======== GIVEN ENTRIES

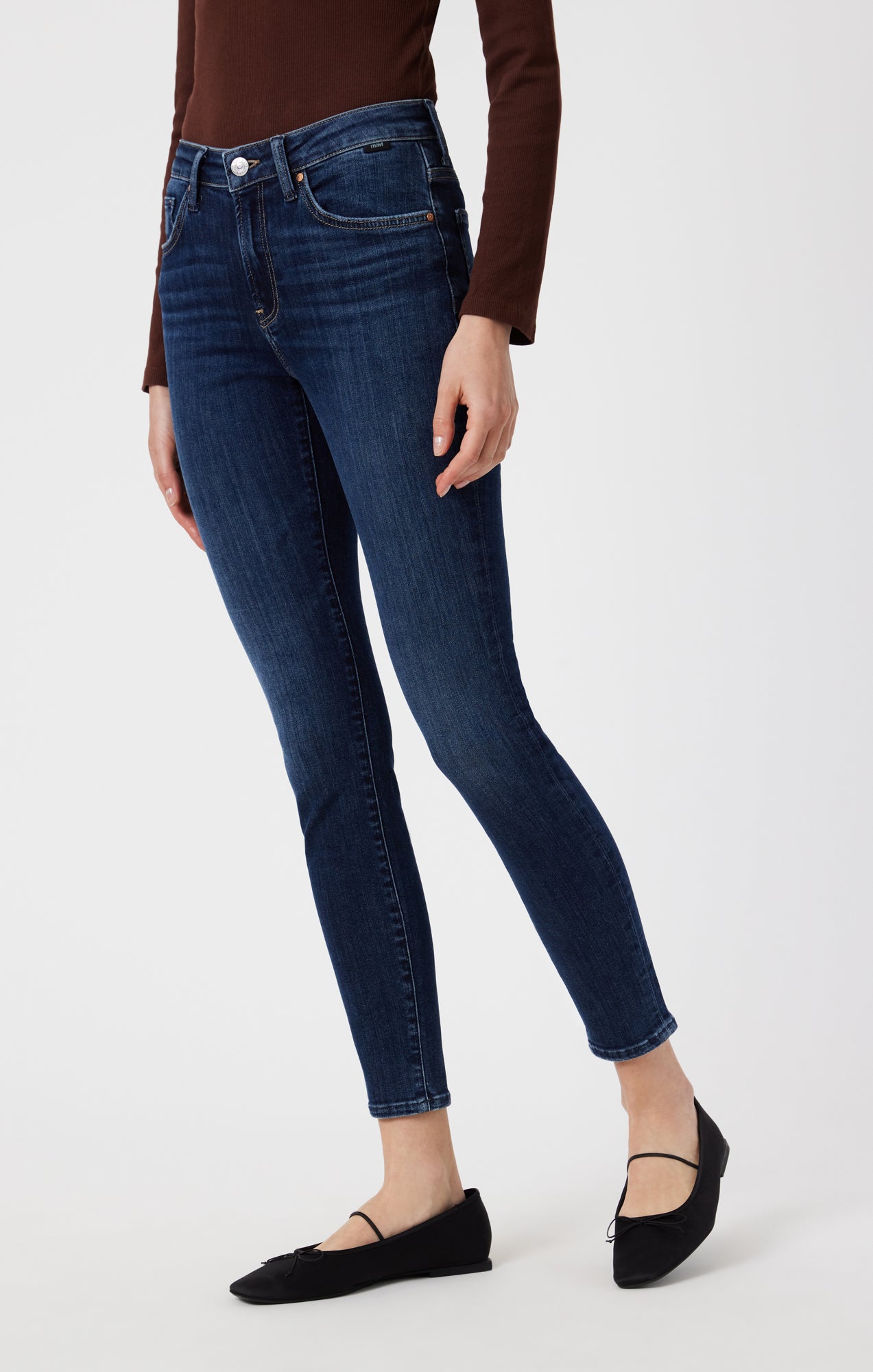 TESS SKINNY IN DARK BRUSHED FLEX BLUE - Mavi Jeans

================
======== GIVEN ENTRIES

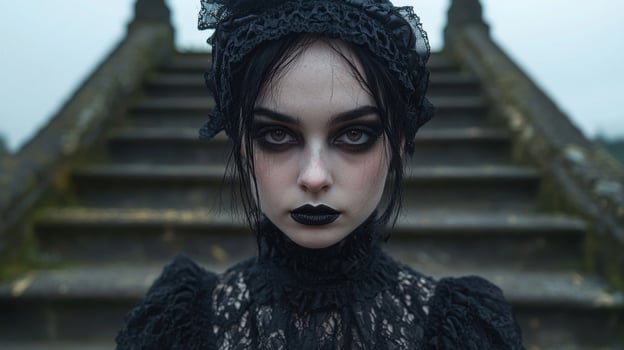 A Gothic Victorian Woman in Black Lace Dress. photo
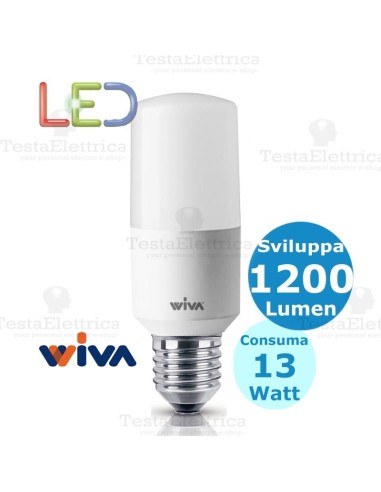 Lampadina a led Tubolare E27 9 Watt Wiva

================
======== GIVEN ENTRIES

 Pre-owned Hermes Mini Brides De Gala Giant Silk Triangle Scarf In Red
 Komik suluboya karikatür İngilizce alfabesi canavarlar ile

================

■ GOAL OF THE EXERCISE
Print exactly the lines above, between the one holding "Pre-owned Hermes Mini" and the one holding "Komik suluboya karikatür", inclusive, and nothing besides.

■ WRITTEN RESPONSE
 Pre-owned Hermes Mini Brides De Gala Giant Silk Triangle Scarf In Red
 Komik suluboya karikatür İngilizce alfabesi canavarlar ile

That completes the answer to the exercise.